Una forza benefica, dunque? Potenzialmente sì, ma anche una forza che potrà creare ulteriori disparità fra le nazioni, fra le aziende e fra gli stessi lavoratori. L'intelligenza artificiale ha un “grande potenziale di contribuire all'economia mondiale”, scrive McKinsey, “ma per massimizzare i vantaggi le distanze sempre più ampie fra nazioni, aziende e lavoratori dovranno essere gestite”. Variabili come la velocità di adozione dell'AI, il livelli di connettività e la struttura del mercato del lavoro in ciascun Paese impatteranno, in positivo o in negativo, sull'entità dell'impatto sulle economie nazionali. Chi tarderà ad abbracciare l'intelligenza artificiale “potrebbe avere difficoltà a ottenere vantaggi dall'AI, perché chi sta in testa ha già catturato opportunità laddove i ritardatari stentano a sviluppare capacità e ad attrarre talenti”.

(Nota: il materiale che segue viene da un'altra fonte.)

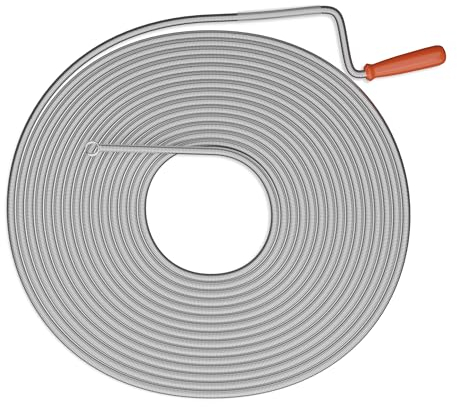 Relaxdays Sonda Sturatubi, 15 m, Spirale Sturalavandini Meccanica, per WC, Doccia, Vasca, in Acciaio, Argento Rosso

Non tutti adotteranno il medesimo approccio, come naturale che sia. Alcune aziende si focalizzeranno in particolare su una tipologia di AI o su alcune finalità d'uso, mentre altre si interesseranno a più di una o addirittura a tutte e cinque le categorie tecnologiche sopra citate. Nelle previsioni di McKinsey, entro il 2030 circa sette aziende su dieci avranno adottato almeno un tipo di intelligenza artificiale, mentre meno di una su due avrà avviato progetti su tutte e cinque. Chi non adotterà alcuna forma di AI, al contrario, rischia non solo di perdere un'occasione di crescita ma addirittura di retrocedere: a parità di costi e modello di business, in media, queste aziende osserveranno decrementi di fatturato del 20% rispetto all'attuale livello.